Quizá lo más preocupante sean las consultas amañadas que él mismo se ha inventado y ha impuesto con un marcado talante tiránico. Es fraudulento que se decida sobre una gran obra civil (el nuevo aeropuerto) mediante un plebiscito sin censo electoral, sin umbral, sin controles institucionales, con las urnas dispuestas en las zonas donde se sabe que ganará. Y el mismo mecanismo de consulta ilegal lo acaba de usar, sin posesión, para aprobar un ferrocarril antiecológico y absurdo en las zonas arqueológicas y selváticas de Yucatán.

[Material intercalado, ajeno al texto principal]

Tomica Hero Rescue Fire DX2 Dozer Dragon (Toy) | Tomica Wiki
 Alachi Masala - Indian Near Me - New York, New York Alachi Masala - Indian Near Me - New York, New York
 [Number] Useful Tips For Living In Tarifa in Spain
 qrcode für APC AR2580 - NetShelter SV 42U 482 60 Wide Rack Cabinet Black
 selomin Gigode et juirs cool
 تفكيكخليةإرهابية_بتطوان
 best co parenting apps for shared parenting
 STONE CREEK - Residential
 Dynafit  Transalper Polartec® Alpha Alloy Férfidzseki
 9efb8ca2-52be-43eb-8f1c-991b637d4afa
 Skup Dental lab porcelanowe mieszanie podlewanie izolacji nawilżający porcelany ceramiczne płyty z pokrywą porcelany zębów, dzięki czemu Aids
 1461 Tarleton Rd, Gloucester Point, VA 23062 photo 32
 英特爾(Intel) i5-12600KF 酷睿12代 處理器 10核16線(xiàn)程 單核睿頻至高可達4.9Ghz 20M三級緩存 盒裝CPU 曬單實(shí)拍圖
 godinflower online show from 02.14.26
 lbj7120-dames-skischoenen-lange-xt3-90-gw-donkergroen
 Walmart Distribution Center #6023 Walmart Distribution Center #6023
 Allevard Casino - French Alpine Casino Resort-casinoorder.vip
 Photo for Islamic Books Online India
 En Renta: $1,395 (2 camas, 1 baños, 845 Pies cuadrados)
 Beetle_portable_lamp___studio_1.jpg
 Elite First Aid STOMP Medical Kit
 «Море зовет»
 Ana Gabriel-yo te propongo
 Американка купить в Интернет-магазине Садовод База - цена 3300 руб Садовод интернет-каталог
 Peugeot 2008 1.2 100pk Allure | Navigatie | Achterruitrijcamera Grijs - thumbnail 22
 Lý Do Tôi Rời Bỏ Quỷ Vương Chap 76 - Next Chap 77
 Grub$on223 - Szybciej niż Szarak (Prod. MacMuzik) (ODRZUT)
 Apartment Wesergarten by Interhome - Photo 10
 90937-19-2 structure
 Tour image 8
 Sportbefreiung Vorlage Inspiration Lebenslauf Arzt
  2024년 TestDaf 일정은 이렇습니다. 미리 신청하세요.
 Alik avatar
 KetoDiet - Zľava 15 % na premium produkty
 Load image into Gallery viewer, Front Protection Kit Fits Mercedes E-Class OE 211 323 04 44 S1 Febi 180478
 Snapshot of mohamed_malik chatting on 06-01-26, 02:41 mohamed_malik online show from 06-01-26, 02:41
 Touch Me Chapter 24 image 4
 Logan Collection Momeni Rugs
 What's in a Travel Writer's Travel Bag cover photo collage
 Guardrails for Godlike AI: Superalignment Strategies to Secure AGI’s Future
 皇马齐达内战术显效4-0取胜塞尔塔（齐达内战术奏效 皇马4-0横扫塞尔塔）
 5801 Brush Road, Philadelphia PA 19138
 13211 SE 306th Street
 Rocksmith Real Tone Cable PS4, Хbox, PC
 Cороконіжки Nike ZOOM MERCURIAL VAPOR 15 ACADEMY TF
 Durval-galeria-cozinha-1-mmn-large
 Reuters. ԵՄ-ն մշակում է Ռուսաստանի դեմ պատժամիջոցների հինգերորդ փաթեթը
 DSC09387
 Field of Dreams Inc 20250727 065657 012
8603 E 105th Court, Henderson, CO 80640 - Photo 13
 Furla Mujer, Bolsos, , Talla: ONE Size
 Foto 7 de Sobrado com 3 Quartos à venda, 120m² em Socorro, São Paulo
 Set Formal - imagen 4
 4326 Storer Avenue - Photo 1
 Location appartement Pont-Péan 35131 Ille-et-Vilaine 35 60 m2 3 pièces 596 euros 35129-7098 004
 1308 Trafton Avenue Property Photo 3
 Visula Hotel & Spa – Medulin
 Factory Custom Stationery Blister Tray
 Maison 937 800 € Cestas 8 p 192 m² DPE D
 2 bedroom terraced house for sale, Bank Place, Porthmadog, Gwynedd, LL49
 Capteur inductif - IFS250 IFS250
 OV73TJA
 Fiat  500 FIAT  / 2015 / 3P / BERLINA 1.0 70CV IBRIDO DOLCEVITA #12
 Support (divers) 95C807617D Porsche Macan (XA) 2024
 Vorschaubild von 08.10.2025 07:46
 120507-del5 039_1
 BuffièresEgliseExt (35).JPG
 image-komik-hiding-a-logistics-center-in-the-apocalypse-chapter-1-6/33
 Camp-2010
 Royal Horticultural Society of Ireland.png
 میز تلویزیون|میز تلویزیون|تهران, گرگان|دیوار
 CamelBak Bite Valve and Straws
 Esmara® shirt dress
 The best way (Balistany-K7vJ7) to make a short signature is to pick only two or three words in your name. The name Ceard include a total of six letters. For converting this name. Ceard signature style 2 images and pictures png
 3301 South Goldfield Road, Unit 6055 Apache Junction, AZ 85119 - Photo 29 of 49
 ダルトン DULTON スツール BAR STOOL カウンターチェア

En México uno tiene la impresión de que los seguidores más entusiastas de AMLO basan su optimismo en el aire, es decir en proclamas mesiánicas (nada puede estar peor y con Él, que es limpio y bueno, estaremos mejor), en ilusiones que no tienen más piso que la buena voluntad, las proclamas morales y cierto resentimiento revanchista. Los que dudan, en cambio, tienen bases más sólidas para fundamentar el pesimismo. Aun sin posesionarse, a cada decisión anunciada de AMLO, el peso se ha devaluado y ha habido fuga de capitales.
¿Una conjura del gran capital contra un gobierno de izquierda? Tal vez. Los algoritmos que deciden la inversión internacional se basan en parte en cierta percepción subjetiva; pero dependen también de cifras frías. Si AMLO dice que ningún funcionario podrá tener más sueldo que él, y si además se baja su salario a US$5.000, se sabe que los cuadros técnicos que hacen marchar empresas estatales muy importantes buscarán trabajo fuera del Estado. La medida, muy popular, se vuelve populista si los cerebros más preparados dejan de trabajar en el gobierno.
Cuando las decisiones las toma un solo hombre, sin oír a nadie, sin expertos, y cuando el núcleo duro que lo rodea tiene más ideología que conocimientos prácticos, hay graves riesgos de que la ineficiencia conduzca al desbarajuste, a la crisis económica, y esos malos resultados, a su vez, a nuevas decisiones autoritarias.